_Data to use_:
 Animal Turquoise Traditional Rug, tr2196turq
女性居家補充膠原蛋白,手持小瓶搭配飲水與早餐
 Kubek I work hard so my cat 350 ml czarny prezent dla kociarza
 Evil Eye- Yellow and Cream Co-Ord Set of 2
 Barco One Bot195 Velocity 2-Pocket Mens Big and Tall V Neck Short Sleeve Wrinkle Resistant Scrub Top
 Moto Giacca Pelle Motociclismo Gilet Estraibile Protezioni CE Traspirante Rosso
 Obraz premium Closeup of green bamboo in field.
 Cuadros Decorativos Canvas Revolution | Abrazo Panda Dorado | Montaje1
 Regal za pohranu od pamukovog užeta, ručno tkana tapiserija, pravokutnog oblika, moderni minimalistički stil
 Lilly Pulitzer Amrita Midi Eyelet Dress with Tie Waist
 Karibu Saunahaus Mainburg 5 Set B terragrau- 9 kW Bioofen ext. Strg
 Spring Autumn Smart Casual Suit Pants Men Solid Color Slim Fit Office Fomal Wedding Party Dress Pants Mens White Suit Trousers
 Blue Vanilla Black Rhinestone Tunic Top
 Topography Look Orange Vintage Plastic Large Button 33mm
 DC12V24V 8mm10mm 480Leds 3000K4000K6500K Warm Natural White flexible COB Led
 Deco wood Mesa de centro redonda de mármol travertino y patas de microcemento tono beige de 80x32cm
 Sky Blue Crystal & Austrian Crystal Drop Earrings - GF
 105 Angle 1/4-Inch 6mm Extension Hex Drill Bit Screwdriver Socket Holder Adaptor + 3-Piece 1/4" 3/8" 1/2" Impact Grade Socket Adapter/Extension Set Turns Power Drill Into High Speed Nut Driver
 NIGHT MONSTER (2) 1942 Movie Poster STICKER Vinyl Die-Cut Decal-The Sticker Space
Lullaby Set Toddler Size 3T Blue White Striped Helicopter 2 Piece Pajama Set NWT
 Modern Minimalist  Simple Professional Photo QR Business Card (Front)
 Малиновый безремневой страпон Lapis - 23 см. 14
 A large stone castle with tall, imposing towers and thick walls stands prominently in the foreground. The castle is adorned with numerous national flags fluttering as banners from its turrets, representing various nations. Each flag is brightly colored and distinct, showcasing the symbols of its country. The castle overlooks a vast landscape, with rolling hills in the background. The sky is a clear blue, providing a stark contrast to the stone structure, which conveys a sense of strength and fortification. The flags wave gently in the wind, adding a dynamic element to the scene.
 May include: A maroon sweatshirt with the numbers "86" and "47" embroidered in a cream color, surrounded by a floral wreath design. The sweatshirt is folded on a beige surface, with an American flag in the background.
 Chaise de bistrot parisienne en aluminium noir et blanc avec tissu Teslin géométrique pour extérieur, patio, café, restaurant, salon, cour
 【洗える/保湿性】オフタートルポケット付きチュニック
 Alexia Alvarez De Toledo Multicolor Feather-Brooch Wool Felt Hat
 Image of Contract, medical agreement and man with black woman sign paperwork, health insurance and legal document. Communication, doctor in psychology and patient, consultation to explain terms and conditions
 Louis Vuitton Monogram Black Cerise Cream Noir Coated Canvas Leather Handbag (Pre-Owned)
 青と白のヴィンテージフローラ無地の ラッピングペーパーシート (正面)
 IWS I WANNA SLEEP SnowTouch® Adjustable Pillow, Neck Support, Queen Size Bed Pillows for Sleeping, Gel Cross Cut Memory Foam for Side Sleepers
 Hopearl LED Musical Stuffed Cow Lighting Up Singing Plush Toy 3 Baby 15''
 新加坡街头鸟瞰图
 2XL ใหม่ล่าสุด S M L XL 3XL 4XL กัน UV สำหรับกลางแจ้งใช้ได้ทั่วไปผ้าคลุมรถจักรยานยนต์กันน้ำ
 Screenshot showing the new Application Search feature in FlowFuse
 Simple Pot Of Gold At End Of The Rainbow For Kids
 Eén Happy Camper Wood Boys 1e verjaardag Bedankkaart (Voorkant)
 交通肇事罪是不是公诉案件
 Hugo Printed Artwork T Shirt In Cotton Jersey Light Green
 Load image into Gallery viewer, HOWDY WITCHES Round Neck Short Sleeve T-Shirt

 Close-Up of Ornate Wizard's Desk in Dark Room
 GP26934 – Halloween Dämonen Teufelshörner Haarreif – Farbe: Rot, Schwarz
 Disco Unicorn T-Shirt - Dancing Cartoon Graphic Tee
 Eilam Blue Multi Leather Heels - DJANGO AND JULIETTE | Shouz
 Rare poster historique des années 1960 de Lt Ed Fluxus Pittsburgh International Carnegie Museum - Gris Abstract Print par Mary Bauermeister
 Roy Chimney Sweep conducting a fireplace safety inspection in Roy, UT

_Task goal_: The stretch of entries above that starts with the line containing "Load image into" and goes on through the line containing "Eilam Blue Multi" is to be transcribed exactly, and no other line is to be transcribed.

_Exercise result_:
 Load image into Gallery viewer, HOWDY WITCHES Round Neck Short Sleeve T-Shirt

 Close-Up of Ornate Wizard's Desk in Dark Room
 GP26934 – Halloween Dämonen Teufelshörner Haarreif – Farbe: Rot, Schwarz
 Disco Unicorn T-Shirt - Dancing Cartoon Graphic Tee
 Eilam Blue Multi Leather Heels - DJANGO AND JULIETTE | Shouz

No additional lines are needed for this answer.